"You have never yet managed her or yourself either," was the spoiled old servant's parting shaft.

Kano sat watching the slender, errant figure in the garden. Yes, she had taken it calmly,—more calmly than he could have hoped. How beautiful was the poise, even at this distance, of the delicate throat, and the head, with its wide crown of inky hair! Each motion of the slow-strolling form in its clinging robes was a separate loveliness.
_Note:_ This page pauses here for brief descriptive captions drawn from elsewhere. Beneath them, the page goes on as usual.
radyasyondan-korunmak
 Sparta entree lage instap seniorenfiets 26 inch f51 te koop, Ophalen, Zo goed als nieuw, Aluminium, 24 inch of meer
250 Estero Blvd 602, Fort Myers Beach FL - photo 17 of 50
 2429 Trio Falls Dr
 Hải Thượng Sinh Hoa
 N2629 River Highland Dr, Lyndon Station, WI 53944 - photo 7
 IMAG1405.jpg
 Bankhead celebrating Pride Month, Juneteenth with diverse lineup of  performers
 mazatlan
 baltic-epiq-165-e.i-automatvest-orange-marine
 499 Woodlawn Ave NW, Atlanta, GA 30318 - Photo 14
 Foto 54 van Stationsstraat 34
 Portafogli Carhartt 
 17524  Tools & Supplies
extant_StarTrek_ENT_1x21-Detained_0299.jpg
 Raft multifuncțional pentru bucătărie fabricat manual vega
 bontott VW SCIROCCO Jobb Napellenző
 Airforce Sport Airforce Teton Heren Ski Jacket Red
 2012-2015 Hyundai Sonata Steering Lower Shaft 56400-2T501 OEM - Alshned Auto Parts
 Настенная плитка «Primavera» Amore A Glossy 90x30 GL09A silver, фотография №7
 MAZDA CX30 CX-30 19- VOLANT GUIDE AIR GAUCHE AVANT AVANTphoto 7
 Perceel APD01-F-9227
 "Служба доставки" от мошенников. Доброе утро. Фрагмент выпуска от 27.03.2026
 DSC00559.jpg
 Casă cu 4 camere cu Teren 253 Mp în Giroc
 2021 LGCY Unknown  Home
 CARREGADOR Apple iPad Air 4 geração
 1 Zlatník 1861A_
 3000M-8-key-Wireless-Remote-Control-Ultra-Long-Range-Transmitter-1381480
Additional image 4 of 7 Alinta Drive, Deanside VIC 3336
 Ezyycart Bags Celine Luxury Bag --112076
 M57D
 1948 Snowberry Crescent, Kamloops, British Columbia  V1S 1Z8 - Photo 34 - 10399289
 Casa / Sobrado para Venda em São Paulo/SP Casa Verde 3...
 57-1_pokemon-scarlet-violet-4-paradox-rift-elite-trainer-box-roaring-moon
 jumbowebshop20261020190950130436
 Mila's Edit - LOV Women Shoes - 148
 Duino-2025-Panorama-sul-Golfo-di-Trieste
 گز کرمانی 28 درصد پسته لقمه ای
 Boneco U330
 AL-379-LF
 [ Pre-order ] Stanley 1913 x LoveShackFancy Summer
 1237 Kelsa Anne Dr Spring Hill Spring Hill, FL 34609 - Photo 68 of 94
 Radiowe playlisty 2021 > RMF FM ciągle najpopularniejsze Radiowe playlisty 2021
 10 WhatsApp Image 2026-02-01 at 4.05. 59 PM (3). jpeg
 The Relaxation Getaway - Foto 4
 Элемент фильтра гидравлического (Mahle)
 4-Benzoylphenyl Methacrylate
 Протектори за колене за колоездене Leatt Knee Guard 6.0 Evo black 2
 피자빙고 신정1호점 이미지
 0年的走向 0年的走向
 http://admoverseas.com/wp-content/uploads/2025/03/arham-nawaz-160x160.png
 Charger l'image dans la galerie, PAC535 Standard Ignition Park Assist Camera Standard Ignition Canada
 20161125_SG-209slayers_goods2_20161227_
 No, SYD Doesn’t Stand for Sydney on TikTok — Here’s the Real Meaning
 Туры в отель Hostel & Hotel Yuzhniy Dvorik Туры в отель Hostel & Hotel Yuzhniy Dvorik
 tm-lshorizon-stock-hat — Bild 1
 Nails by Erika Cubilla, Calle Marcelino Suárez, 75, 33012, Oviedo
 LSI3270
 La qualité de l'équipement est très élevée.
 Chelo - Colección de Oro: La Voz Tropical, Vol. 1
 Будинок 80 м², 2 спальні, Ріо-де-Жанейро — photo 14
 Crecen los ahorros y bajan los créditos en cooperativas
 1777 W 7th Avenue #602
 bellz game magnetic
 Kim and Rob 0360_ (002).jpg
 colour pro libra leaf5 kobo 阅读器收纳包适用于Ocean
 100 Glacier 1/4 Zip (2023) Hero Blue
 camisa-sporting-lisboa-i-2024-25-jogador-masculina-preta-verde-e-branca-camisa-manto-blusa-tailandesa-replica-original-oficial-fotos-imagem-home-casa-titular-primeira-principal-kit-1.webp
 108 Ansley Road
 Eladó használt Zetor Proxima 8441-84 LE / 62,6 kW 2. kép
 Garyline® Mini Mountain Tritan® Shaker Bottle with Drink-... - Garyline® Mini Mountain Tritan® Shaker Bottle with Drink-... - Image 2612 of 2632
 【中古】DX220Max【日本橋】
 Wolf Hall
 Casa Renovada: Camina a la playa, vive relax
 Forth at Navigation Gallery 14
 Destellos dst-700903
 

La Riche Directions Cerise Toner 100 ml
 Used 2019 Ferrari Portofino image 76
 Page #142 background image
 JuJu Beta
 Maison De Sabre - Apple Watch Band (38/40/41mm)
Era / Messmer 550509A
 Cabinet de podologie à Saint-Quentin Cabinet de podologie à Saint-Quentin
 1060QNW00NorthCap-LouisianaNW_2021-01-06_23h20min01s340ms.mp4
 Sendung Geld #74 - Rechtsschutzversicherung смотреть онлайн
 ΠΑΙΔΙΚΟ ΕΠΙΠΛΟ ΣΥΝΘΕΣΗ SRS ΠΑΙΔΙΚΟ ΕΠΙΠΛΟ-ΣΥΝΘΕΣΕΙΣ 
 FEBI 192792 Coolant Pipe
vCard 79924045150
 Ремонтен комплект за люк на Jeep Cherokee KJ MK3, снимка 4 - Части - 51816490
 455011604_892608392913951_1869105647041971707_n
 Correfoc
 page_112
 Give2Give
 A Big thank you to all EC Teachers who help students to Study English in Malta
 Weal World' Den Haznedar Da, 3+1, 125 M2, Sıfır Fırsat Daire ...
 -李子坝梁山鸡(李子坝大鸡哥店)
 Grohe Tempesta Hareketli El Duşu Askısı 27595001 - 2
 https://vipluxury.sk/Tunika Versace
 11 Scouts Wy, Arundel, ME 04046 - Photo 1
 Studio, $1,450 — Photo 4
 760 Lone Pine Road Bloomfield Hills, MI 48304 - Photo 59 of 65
Kano drew a long sigh. He could not blind himself to Tatsu's savagery. This was not the sort of husband that Umè had a right to expect from her father's choice,—a youth not only penniless, and without family name, but in himself unusual, strange, with look, voice, gesture, coloring each a clear contrast to the men that Umè-ko had seen. He could not bear the thought of her unhappiness, and yet, at any sacrifice, Tatsu must be kept an inmate of their home.

The girl had stopped beside the sunlit pond, leaning far over. She did not seem to note the clustering carp at all, but rather dwell upon her own image, twisted and shot through with the gold of their darting bodies. Now, with dragging feet she went to the moon-viewing hill, remaining in the shadow of it, and pausing for long thought. Her eyes were on the cliff, now raised to the camphor tree. Suddenly she shivered and hid her face. What was the tumult of that ignorant young breast?

The old man rose and went to an inner room where hung the Butsudan, the shrine. He stood gazing upon the ihai of his wife. His lips moved, but the breath so lightly issued that the flame on the altar did not stir. "She, our one child, has come now to the borders of that woman-land where I cannot go with her," he was saying. "Thou art the soul to guide, and give her happiness, thou, the dear one of my life,—the dead young mother who has never really died!" He folded his hands now, and bowed his head. The small flame leaned to him. "Namu Amida Butsu, Namu Amid a Butsu," murmured the old man.

Out by the hill, a butterfly, snow white, rested a moment on the young girl's hair. She was again looking at the cliff, and did not notice it.

V

Ando Uchida, from his green seclusion among the bamboo groves of Meguro, sent, from time to time, a scout into the city. First an ordinary hotel kotsukai or man-servant was employed. This experiment proved costly as well as futile. The kotsukai demanded large payment; and then the creature's questions to Mata were of a nature so crude and undiplomatic that they aroused instant suspicion, causing, indeed, the threat of a dipper of scalding water.

The next messenger was an insect peddler, Katsuo Takanaka by name. It was the part of this youth to search daily among the bamboo stems and hillside grasses of Meguro for the musical suzu-mushi, the hataori, and the kirigirisu. These he incarcerated in fairy cages of plaited straw, threaded the cages into great hornets' nests that dangled from the two ends of his creaking shoulder-pole, and started toward the city in a perfect storm of insect music. The noise moved with him like a cloud. It formed, as it were, a penumbra of fine shrilling, and could be heard for many streets in advance. This itinerant merchant was commissioned to haunt the Kano gate until impatience or curiosity should fling it wide for him. Then, after having coaxed old Mata into making a purchase, he was to engage her in conversation, and extract all the domestic information he could. Unfortunately for the acquisition of paltry news, it was Umè-ko, not Mata, who came out to purchase. The seller, watching those slim, white fingers as they fluttered among his cages, the delicate ear bent to mark some special chime, forgot the words of Ando Uchida, otherwise, Mr. S. Yetan, of Chikuzen, forgot everything, indeed, but the beauty of the girlish face near him.